Among the records below, the line containing "Hotel Slovenska Plaza" marks the start. Output it and all lines after it exactly.
========================================================================
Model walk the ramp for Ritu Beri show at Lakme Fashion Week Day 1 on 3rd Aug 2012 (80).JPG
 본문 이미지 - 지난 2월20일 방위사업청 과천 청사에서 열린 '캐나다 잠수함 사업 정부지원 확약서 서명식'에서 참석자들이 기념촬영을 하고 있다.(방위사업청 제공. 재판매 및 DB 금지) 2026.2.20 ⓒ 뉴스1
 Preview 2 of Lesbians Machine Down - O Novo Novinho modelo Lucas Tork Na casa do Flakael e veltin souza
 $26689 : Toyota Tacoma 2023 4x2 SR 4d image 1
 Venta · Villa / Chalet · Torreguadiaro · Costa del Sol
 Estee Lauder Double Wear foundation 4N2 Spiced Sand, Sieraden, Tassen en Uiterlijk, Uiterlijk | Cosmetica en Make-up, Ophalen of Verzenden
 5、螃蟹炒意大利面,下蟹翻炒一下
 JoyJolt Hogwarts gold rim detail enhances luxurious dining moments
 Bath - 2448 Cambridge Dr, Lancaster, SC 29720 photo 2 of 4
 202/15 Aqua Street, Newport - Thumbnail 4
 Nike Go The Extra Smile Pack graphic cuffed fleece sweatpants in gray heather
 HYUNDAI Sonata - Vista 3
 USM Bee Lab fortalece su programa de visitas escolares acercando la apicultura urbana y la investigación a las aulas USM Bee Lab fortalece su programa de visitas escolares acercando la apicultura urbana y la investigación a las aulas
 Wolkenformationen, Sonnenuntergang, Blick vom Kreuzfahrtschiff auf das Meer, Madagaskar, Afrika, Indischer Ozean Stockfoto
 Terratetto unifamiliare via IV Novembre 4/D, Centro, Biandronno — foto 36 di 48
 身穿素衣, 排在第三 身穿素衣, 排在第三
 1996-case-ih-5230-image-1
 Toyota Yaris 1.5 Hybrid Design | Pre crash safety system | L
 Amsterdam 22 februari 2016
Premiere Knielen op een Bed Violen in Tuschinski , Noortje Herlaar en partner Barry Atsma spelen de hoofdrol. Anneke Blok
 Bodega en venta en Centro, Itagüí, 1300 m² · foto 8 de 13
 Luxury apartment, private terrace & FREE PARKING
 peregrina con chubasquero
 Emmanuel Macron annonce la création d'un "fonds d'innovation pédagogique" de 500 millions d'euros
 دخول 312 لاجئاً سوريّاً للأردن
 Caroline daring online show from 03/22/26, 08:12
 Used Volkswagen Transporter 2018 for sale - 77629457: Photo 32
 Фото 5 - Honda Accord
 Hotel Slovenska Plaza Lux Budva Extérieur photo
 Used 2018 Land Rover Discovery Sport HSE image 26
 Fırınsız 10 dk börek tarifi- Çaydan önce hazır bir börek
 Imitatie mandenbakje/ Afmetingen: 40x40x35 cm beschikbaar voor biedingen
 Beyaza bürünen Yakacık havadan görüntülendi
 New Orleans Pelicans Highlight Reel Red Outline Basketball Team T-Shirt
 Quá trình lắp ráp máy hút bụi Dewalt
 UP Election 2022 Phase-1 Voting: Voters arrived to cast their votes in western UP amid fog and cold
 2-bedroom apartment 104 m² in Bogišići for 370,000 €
========================================================================
### RESPONSE TO THIS EXERCISE
 Hotel Slovenska Plaza Lux Budva Extérieur photo
 Used 2018 Land Rover Discovery Sport HSE image 26
 Fırınsız 10 dk börek tarifi- Çaydan önce hazır bir börek
 Imitatie mandenbakje/ Afmetingen: 40x40x35 cm beschikbaar voor biedingen
 Beyaza bürünen Yakacık havadan görüntülendi
 New Orleans Pelicans Highlight Reel Red Outline Basketball Team T-Shirt
 Quá trình lắp ráp máy hút bụi Dewalt
 UP Election 2022 Phase-1 Voting: Voters arrived to cast their votes in western UP amid fog and cold
 2-bedroom apartment 104 m² in Bogišići for 370,000 €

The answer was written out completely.